Python API Reference¶

Complete reference for BenchBox’s Python API, covering benchmarks, platform adapters, results, and utilities.

Overview¶

BenchBox provides a comprehensive Python API for programmatic benchmark execution. The API is organized into several layers:

Benchmark Layer: Abstract interfaces and concrete benchmark implementations
Platform Layer: Database-specific adapters for query execution
Results Layer: Structured result objects and validation
Utilities Layer: Helper functions for common operations

Quick Start¶

Basic benchmark execution:

from benchbox.tpch import TPCH
from benchbox.platforms.duckdb import DuckDBAdapter

# Create benchmark and platform
benchmark = TPCH(scale_factor=0.1)
adapter = DuckDBAdapter()

# Run benchmark
results = benchmark.run_with_platform(adapter)

# Access results
print(f"Completed {results.successful_queries} queries")
print(f"Average time: {results.average_query_time:.3f}s")

API Organization¶

Core APIs¶

Platform Adapters¶

Utilities¶

Performance & Monitoring¶

Common Patterns¶

Data Generation¶

from benchbox.tpcds import TPCDS

# Generate data at specific scale
benchmark = TPCDS(scale_factor=1.0, output_dir="./tpcds_data")
data_files = benchmark.generate_data()

# Reuse generated data
benchmark2 = TPCDS(scale_factor=1.0, output_dir="./tpcds_data")
# Skip regeneration if data exists

Query Access¶

from benchbox.tpch import TPCH

benchmark = TPCH(scale_factor=0.1)

# Get all queries
queries = benchmark.get_queries()

# Get specific query
q1 = benchmark.get_query("q1")

# Get query with parameters
q1_parameterized = benchmark.get_query("q1", params={"date": "1998-09-02"})

Platform Execution¶

from benchbox.clickbench import ClickBench
from benchbox.platforms.clickhouse import ClickHouseAdapter

# Initialize components
benchmark = ClickBench(scale_factor=0.01)
adapter = ClickHouseAdapter(
    host="localhost",
    port=9000,
    database="benchmark"
)

# Run with platform optimizations
results = benchmark.run_with_platform(
    adapter,
    query_subset=["Q1", "Q2", "Q3"]  # Optional filtering
)

Result Analysis¶

from benchbox.core.results.models import BenchmarkResults

# Load results from file
results = BenchmarkResults.from_json_file("results.json")

# Analyze query performance
for qr in results.query_results:
    if qr.status == "SUCCESS":
        print(f"{qr.query_id}: {qr.execution_time:.3f}s")

# Calculate geometric mean
import math
times = [qr.execution_time for qr in results.query_results
         if qr.status == "SUCCESS"]
geomean = math.prod(times) ** (1.0 / len(times))

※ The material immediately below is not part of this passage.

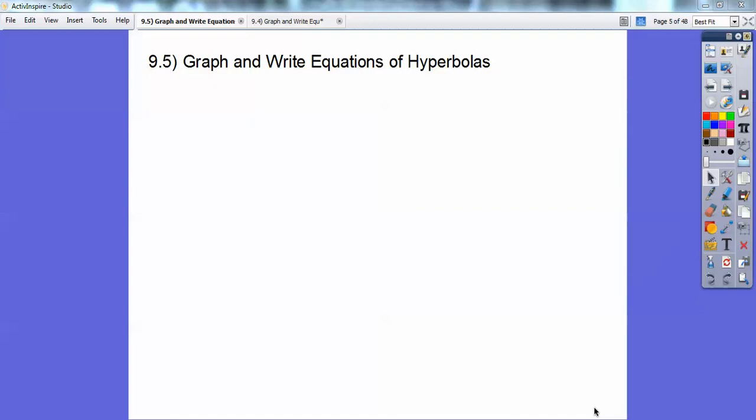Hey folks, Mr. Bullock here again, and this Algebra 2 lesson is on hyperbolas. We're going to graph and write equations of hyperbolas.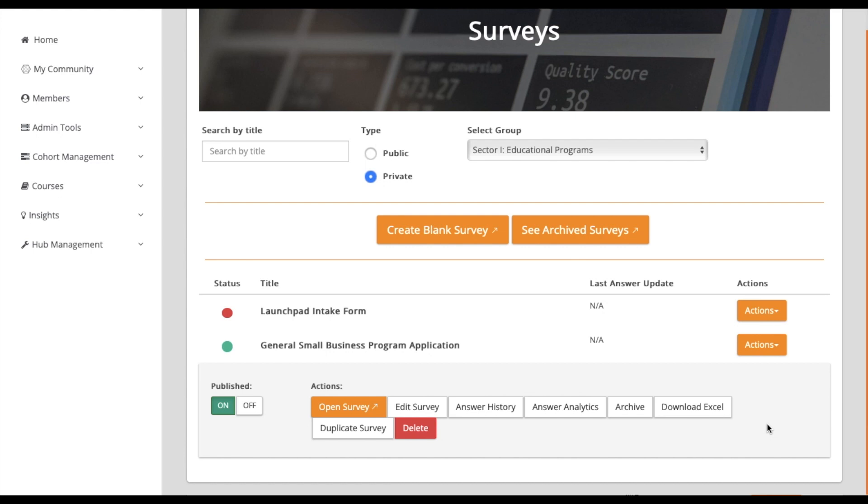If you'd like to see a quick overview of any submitted responses, click on Answer History. From there, you can view and download individual details of a member's submission. Answer Analytics provides a reporting dashboard for moderators to easily analyze responses.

Cross-Platform Comparison¶

from benchbox.tpch import TPCH
from benchbox.platforms.duckdb import DuckDBAdapter
from benchbox.platforms.clickhouse import ClickHouseAdapter

benchmark = TPCH(scale_factor=1.0)

platforms = {
    "DuckDB": DuckDBAdapter(),
    "ClickHouse": ClickHouseAdapter(host="localhost")
}

results = {}
for name, adapter in platforms.items():
    print(f"Running on {name}...")
    results[name] = benchmark.run_with_platform(adapter)

# Compare performance
for name, result in results.items():
    print(f"{name}: {result.total_execution_time:.2f}s")

Error Handling¶

from benchbox.tpch import TPCH
from benchbox.platforms.duckdb import DuckDBAdapter

try:
    benchmark = TPCH(scale_factor=0.1)
    adapter = DuckDBAdapter()
    results = benchmark.run_with_platform(adapter)

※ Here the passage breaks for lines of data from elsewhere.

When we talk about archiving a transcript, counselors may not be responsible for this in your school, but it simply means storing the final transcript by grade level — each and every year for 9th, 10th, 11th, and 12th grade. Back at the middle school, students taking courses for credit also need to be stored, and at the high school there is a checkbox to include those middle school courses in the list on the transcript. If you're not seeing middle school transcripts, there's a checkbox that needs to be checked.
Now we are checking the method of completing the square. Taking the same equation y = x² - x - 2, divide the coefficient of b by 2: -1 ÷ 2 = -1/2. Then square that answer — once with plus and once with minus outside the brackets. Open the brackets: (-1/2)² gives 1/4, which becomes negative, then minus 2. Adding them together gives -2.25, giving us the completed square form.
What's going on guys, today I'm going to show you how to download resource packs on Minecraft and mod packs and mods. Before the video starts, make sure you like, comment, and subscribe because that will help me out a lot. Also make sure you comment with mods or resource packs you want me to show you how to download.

    # Check for query failures
    if results.failed_queries > 0:
        print(f"Warning: {results.failed_queries} queries failed")
        for qr in results.query_results:
            if qr.status == "FAILED":
                print(f"  {qr.query_id}: {qr.error_message}")

except ValueError as e:
    print(f"Configuration error: {e}")
except Exception as e:
    print(f"Execution error: {e}")

Type Hints¶

BenchBox provides comprehensive type hints for IDE support:

from typing import Optional, Dict, Any, List
from benchbox.base import BaseBenchmark
from benchbox.core.results.models import BenchmarkResults

def run_benchmark(
    benchmark: BaseBenchmark,
    adapter,
    config: Optional[Dict[str, Any]] = None
) -> BenchmarkResults:
    """Run benchmark with type-checked parameters."""
    return benchmark.run_with_platform(adapter, **(config or {}))

Configuration Classes¶

Platform adapters accept configuration via constructor parameters:

# DuckDB configuration
from benchbox.platforms.duckdb import DuckDBAdapter

adapter = DuckDBAdapter(
    database_path=":memory:",  # or file path
    memory_limit="4GB",
    thread_limit=4,
    enable_profiling=True
)

# ClickHouse configuration
from benchbox.platforms.clickhouse import ClickHouseAdapter

adapter = ClickHouseAdapter(
    host="localhost",
    port=9000,
    database="benchmark",
    username="default",
    password="",
    settings={
        "max_memory_usage": "8GB",
        "max_threads": 8
    }
)